According to him, bearing last minute improvement the management of the company had concluded plans to shut the Nigerian operations in the next 30 days and lay off about 1,500 workers.
Umeofia listed key government polices that would force the company to rescind it’s shutdown decision to include access to forex from the Central Bank of Nigeria (CBN) to import raw materials and machine spares, while the Standard Organisation of Nigeria (SON) and NAFDAC will have also taken concret steps to end the import and dumping of substandard tomato paste in Nigeria which he said disrupted efforts to sell locally processed tomato paste.
“The CBN has refused to give us forex to import machinery, machine spare parts and our raw materials to be used for production of Nigerian fresh tomatoes into paste,” said Umeofia.
“The CBN, like NAFDAC is against my business because while they refuse me forex, they are approving intervention loan and forex to companies mostly owned by foreigners to import the same finished tomato paste and other items like frozen fish, fish heads and super market items that we don’t need at all or we can produce better in Nigeria.
“We are running our business relying on the dollars that we source from the parallel market at the exchange rate of over, 450 to a $1.
“In view of the above, Erisco Foods will be forced to relocate our operations to a country where there is a conducive and favourable environment for tomato paste manufacturing if within 30 days from now nothing significant is done by the government to address these issues raised by us.
“We intend to manufacture from outside, export and sell in Nigeria. It will be more profitable to us that way.
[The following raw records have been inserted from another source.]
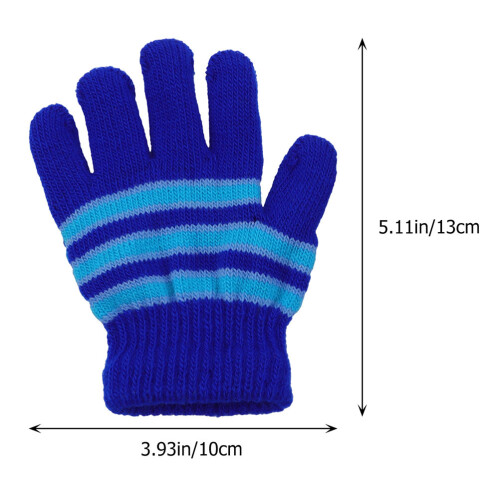 6 paar kinder-winterhandschuhe, warm, gestrickt, fünffinger 1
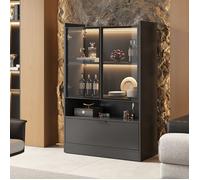 Vitrine moderne LED noir mat hauteur 120cm avec éclairage LED 16 couleurs, vitrine en verre sur pied avec éclairage, armoire de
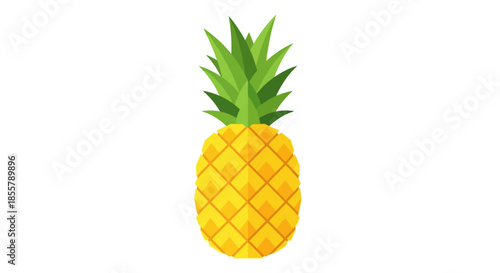 Bright and Cheerful Digital Illustration of a Pineapple with Green Leaves and Cross-Hatched Pattern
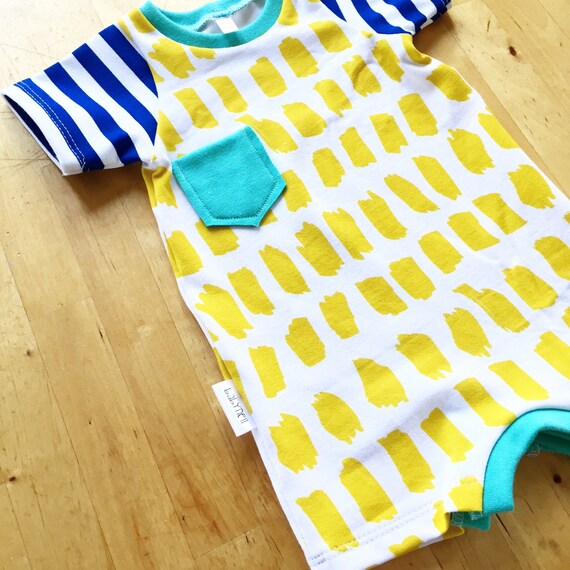 Baby boys or girls shorts romper. modern. Yellow and by BabyNell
Against this back also about 1,500 of our 2, 520 staff will be laid off because we can’t sustain the huge staff strength given the shift in our new production policy.
We however assure our consumers that the same products will be made available to them though manufactured by us in other countries as done by all other brands of tomato paste in the Nigerian market today since that is what Nigerian government wants,” he added. As the press conference was going on, some staff who got wind of the planned sack staged a peaceful protest outside urging the management not to shut down and imploring the Federal Government to assist the company stay afloat.
Mr. Ezeugwa Obinna, a Maintenance Manager with the company who addressed the media on behalf of the workers said sending about 1,500 workers into the labour market would compound the unemployment woes in the country. “We are begging President Buhari, Governor Ambode, the CBN, NAFDAC, the Ministers of Employment, Industry Trade and Investment to step in and assist protect our jobs,” Obinna added.